Barbara you are right to observe what does well and go with that. Herbs are great, lots of potential there.

I am collecting some vegetation for the compost pile. That will enrich some spot next year.

These days the work schedule is intense and my fatigue is sometimes overwhelming, soIm not trying too hard. It will pass and tomorrow always has something new.
Comment by Barbara Livingston on September 18, 2015 at 8:26am

Randall, you are not alone. I went through those feelings a week or so ago. Seems the things that failed to thrive looked even worse and everything else just dried and hot.  I too was wondering what had happened to all my enthusiasm of a few short months ago. I've decided to convert my little space to growing herbs and salvia as they are the things that have survived in a happy manner. Cool weather is coming and bringing rain! :)

Comment by Plinius on September 18, 2015 at 8:08am

It's very difficult to scrape your motivation together in such bad weather, Randall. I'd better post some rainclouds to you..

Comment by Randall Smith on September 18, 2015 at 7:55am

My garden just sits there, withering up in the heat and bone dry soil. Hand watering helps, but it's not the same as good ol' natural rainwater. In the spring, one can't help but be eager to get started. Now, it's the opposite. It all looks so ugly. I'm ashamed.

Comment by k.h. ky on September 13, 2015 at 7:57pm
Joan, credit goes to Daniel for letting us know about the weeds. He told me and he was right.
Comment by k.h. ky on September 13, 2015 at 12:15am
Wascally wabbitts. They eat two varieties of hostas l grow and many other things. Keeping them out is impossible. On the plus side they leave large amounts of fertilizer behind. Which is how l know it's wabbits!
Comment by Daniel W on September 12, 2015 at 11:20pm

Our chickens get most kitchen scraps and a lot of pulled weeds.  They love dandelions and bean plants.  I prune off big grape vines with succulent stem and leaves.  They love those too. 

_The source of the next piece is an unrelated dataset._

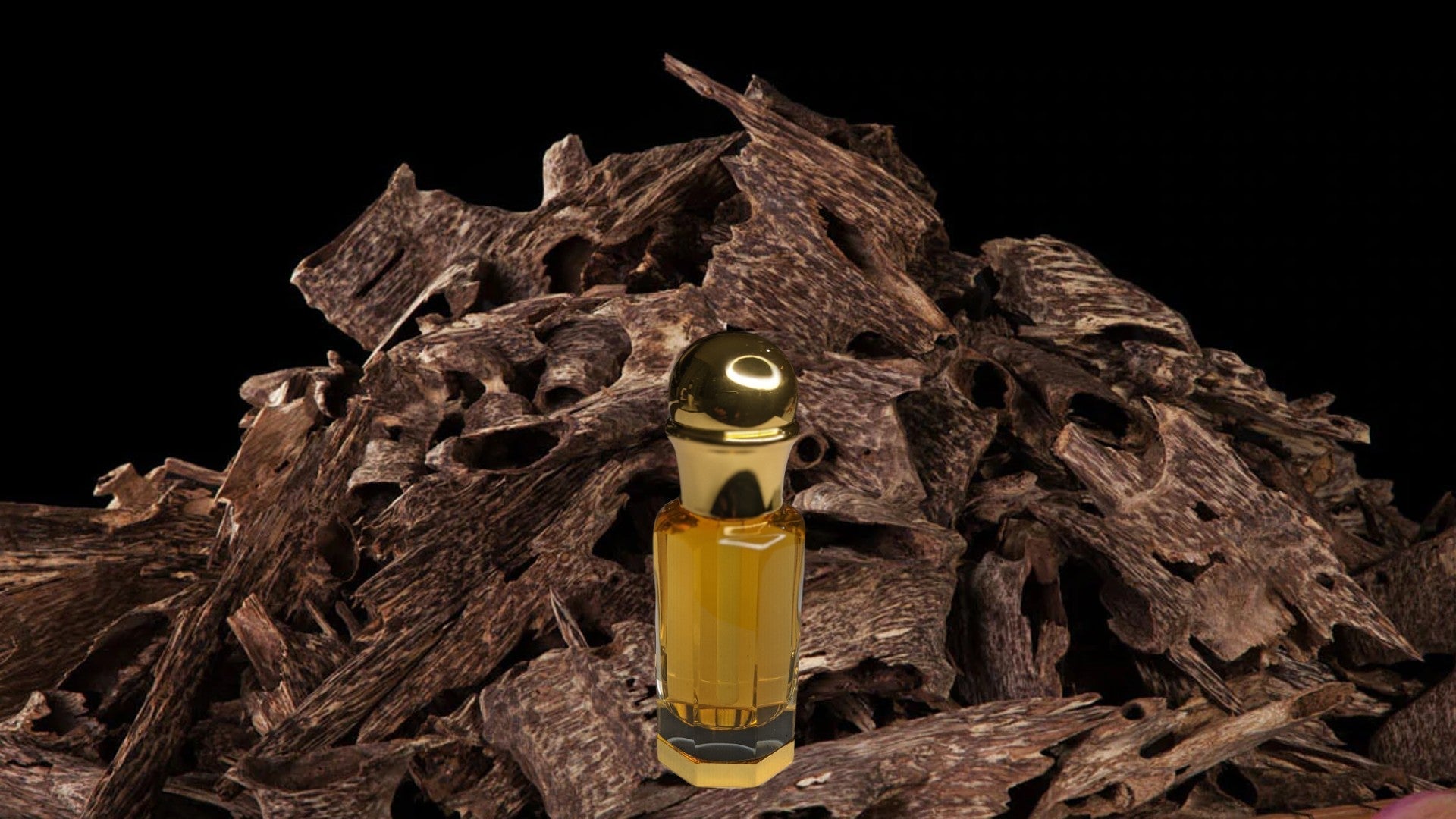 Grandawood Agarwood Oud Perfume: OUD SPIRIT- GLORY OF THE PAIN- perfume - 12ml Oil perfume in a Crystal Bottle / OIL-BASED ALCOHOL FREE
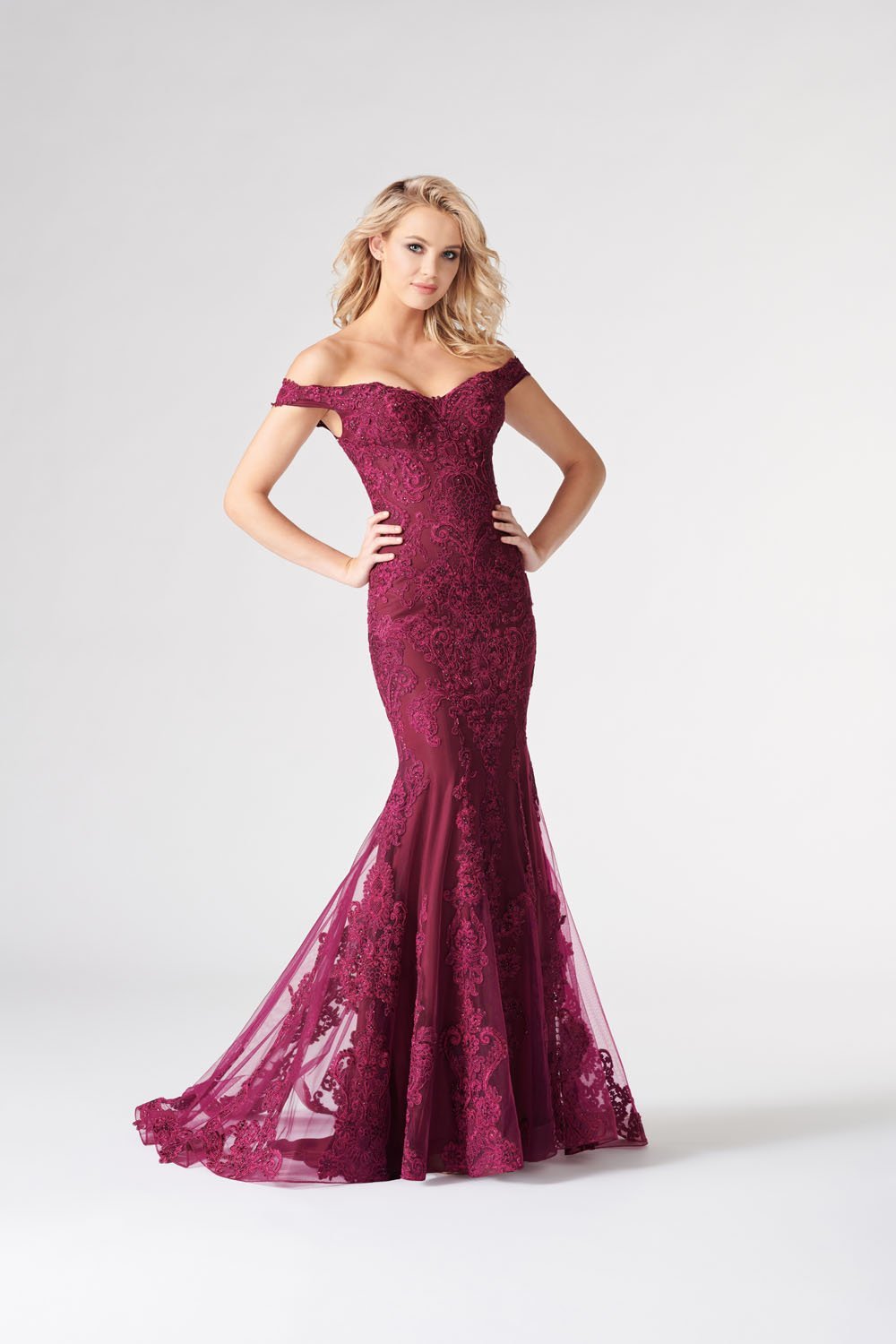 cranberry prom dress Burgundy Long Sleeves Floral Embroidery Prom Dresses With Court Train PL392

Our deer are not deterred by human hair, dog hair, dog poop, human urine, soap.  The only thing that works is to fence in each fruit tree, and make fences for each raised bed.  The fencing is awkward, inconvenient, and ugly, but it lets me have lots of things I could not otherwise have.

The next project on my mind is to make short chicken-wire tops for some of the raised beds.  I did have some with hoops of PVC pipe, but that is awkward, brittle, and doesn't last.  I want to make wooden frames from 2 X 2 's, put in some cross-bars, and maybe hinge them to the raised beds so I can just raise them.  I think that would be great for greens, strawberries, onions - which either deer or rabbits seem to love in winter - and other low plants.  Maybe bush beans too.

Comment by Joan Denoo on September 12, 2015 at 4:22pm

Kathy, chickens love weed seeds?! At last, a way to digest weed seeds. 

I understand what you mean about grandchildren. My granddaughter is a controlling sergeant and I remind her that life is too short to attempt to control others.